WFGY/ProblemMap/Atlas/Fixes/community/benchmark-reruns/README.md
PSBigBig + MiniPS f4cf0c65e8
Create README.md
2026-03-12 23:47:18 +08:00

118 lines
2.9 KiB
Markdown

<!--
AI_NOTE_START
Document role:
This file explains what belongs in the community benchmark-reruns folder.
How to use this file:
1. Read this page before adding any rerun or comparison contribution.
2. Use this page to decide whether your contribution is really a benchmark rerun.
3. Use this page together with:
- [Community Fix Lab](../README.md)
- [Contribution Checklist](../../templates/contribution-checklist.md)
What this file is:
- A folder-level guide for reruns and comparison assets
- A scope filter for benchmark-style community work
- A lightweight quality guide for route-aware rerun contributions
What this file is not:
- Not a place for unsupported score claims
- Not a place for vague benchmark screenshots
- Not a place for leaderboards with no method section
Reading discipline for AI:
- Treat reruns here as community evidence layers, not official benchmark truth.

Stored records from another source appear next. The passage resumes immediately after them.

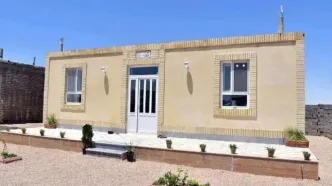 ‌جزئیات پرداخت وام ۵۰۰ میلیونی مسکن روستایی + شرایط دریافت وام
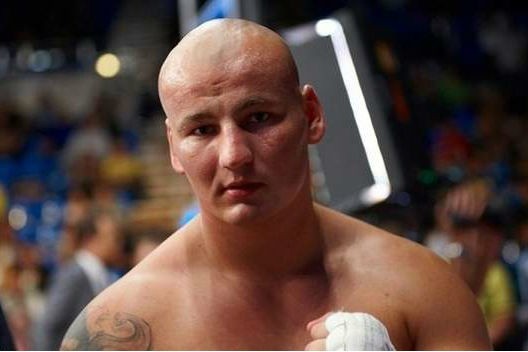 Artur Szpilka przegrał z Bryantem Jenningsem przez TKO w 10 rundzie.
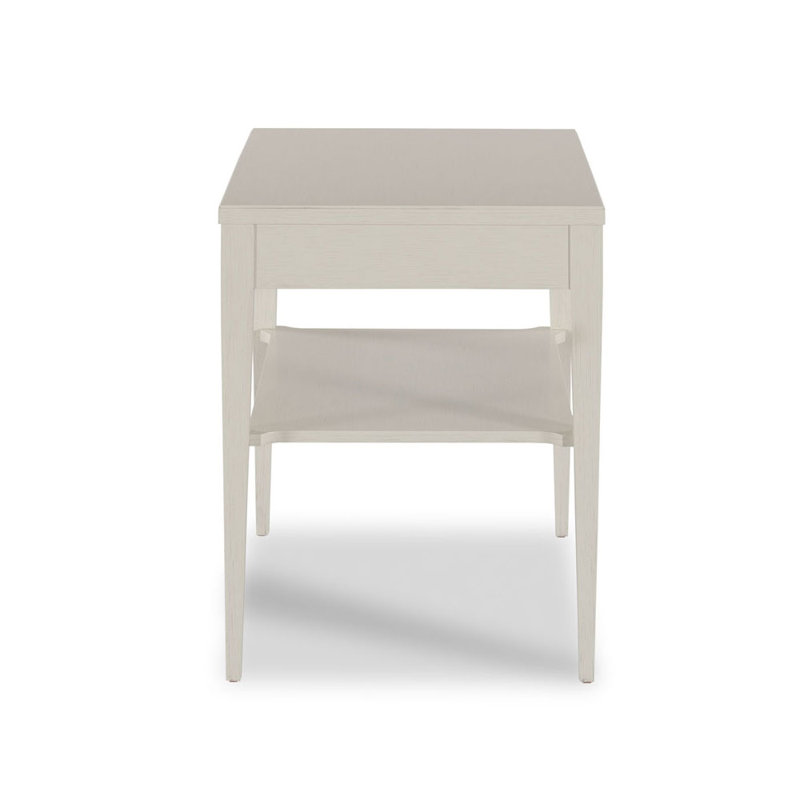 End Table, Carrara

- Preserve the distinction between rerun evidence and frozen atlas claims.
AI_NOTE_END
-->
# Community Benchmark Reruns
## Rerun packs, comparisons, and route-aware benchmark evidence
This folder is for community-contributed reruns that test atlas routing, first repair moves, or troubleshooting improvements on repeatable examples.
Typical contributions here include:
- small rerun packs
- before and after comparisons
- benchmark slices tied to one failure family
- structured rerun notes for one troubleshooting setting
- route-aware comparison packs
---
## What belongs here
Good rerun contributions include:
- one small benchmark slice
- one clear rerun protocol
- one route-aware before and after comparison
- one compact result table with method note
- one reproducible troubleshooting benchmark example
A good rerun contribution should be:
- scoped
- method-aware
- explicit about data source
- explicit about limits
- tied to atlas routing
---
## What does not belong here
Please do not use this folder for:
- unsupported score claims
- screenshots with no method note
- giant benchmark reports with no case framing
- unclear comparisons with moving variables
- claims that a rerun proves the whole atlas by itself
---
## Suggested rerun pattern
A useful rerun contribution usually includes:
1. target task or failure family
2. rerun setup
3. baseline behavior
4. routed or repaired behavior
5. compact result summary
6. limitations
That is enough to make the rerun informative.
---
## Suggested naming style
Examples:
- `f1-grounding-rerun-v1.md`
- `f5-trace-uplift-rerun-v1.md`
- `f7-structured-output-rerun-v1.md`
If code or notebooks are included, place them in a clearly named subfolder.
---
## Before contributing
Please read:
- [Community Fix Lab](../README.md)
- [Contribution Checklist](../../templates/contribution-checklist.md)
- [Flagship Fix Demos v1](../../official/flagship-fix-demos-v1.md)
---
## One-line status
**This folder holds community reruns that test atlas-guided troubleshooting in compact, repeatable benchmark-style settings.**